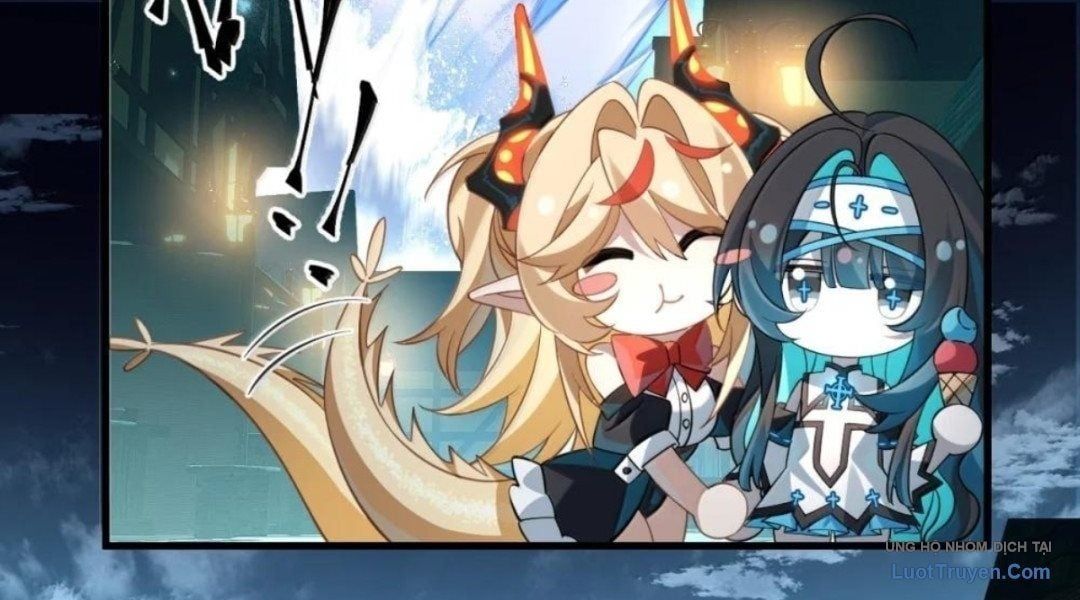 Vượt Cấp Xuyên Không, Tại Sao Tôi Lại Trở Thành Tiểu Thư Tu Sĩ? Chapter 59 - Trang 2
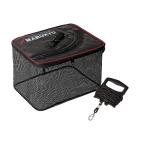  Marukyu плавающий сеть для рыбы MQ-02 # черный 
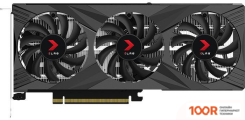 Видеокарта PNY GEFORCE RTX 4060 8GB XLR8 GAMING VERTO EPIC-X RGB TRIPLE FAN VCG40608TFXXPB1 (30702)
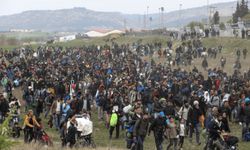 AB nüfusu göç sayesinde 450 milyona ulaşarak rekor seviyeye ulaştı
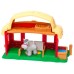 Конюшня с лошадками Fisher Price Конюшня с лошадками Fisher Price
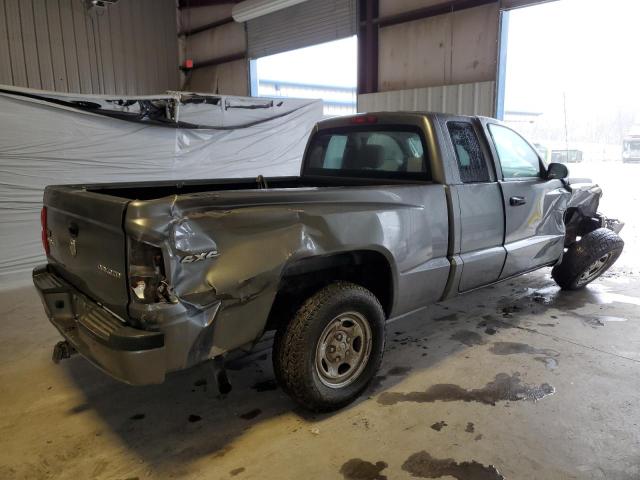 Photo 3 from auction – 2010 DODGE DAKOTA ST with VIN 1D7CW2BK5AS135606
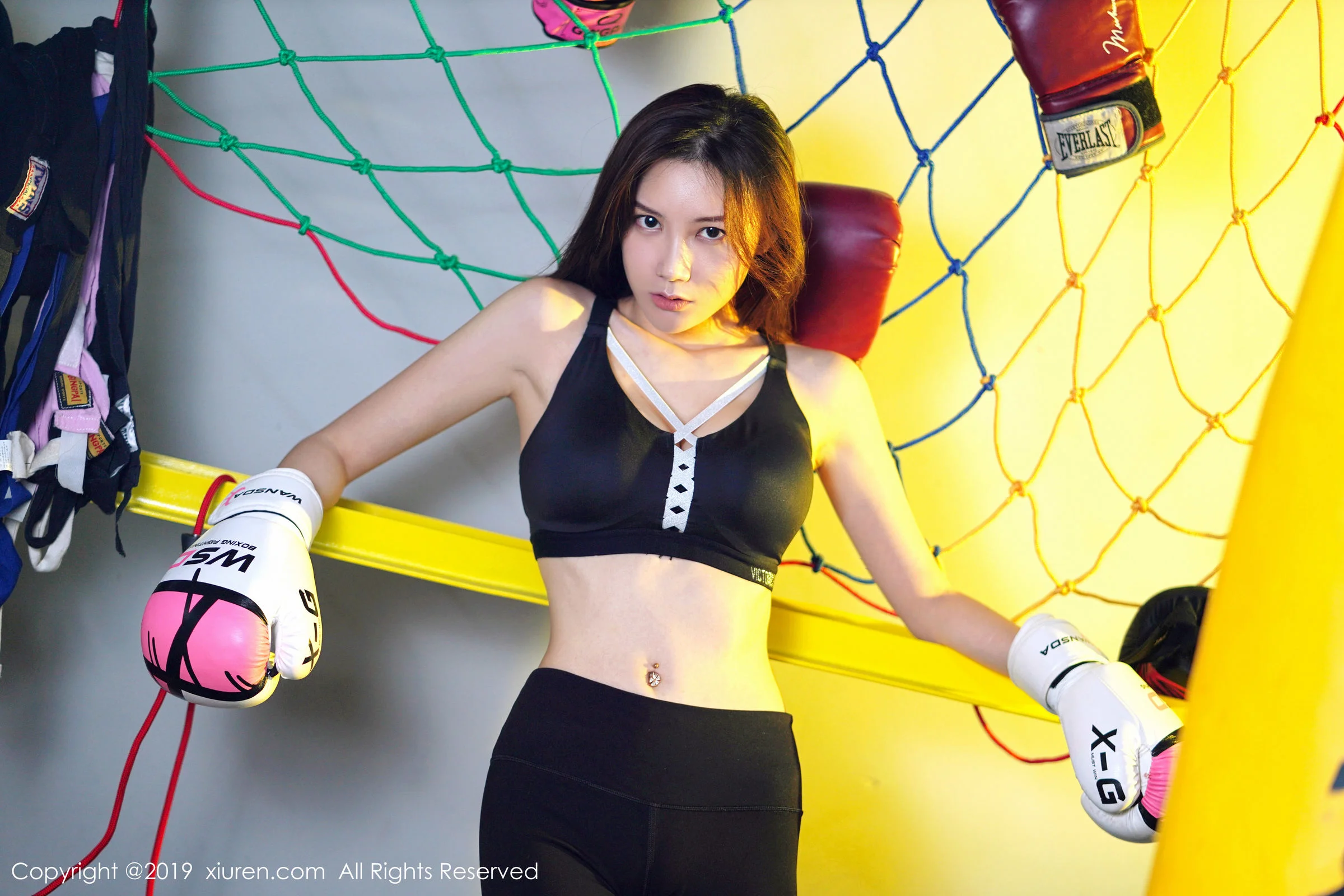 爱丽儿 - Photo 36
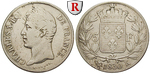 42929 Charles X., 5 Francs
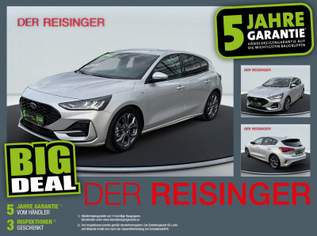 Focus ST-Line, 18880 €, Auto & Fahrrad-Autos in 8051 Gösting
_ _ _ _
## WHAT YOU ARE ASKED TO DO:
Nothing but the pictures may be dropped; output the records above exactly.

## SOLUTION BELOW:
 Vượt Cấp Xuyên Không, Tại Sao Tôi Lại Trở Thành Tiểu Thư Tu Sĩ? Chapter 59 - Trang 2
  Marukyu плавающий сеть для рыбы MQ-02 # черный 
 Видеокарта PNY GEFORCE RTX 4060 8GB XLR8 GAMING VERTO EPIC-X RGB TRIPLE FAN VCG40608TFXXPB1 (30702)
 AB nüfusu göç sayesinde 450 milyona ulaşarak rekor seviyeye ulaştı
 Конюшня с лошадками Fisher Price Конюшня с лошадками Fisher Price
 Photo 3 from auction – 2010 DODGE DAKOTA ST with VIN 1D7CW2BK5AS135606
 爱丽儿 - Photo 36
 42929 Charles X., 5 Francs
 Focus ST-Line, 18880 €, Auto & Fahrrad-Autos in 8051 Gösting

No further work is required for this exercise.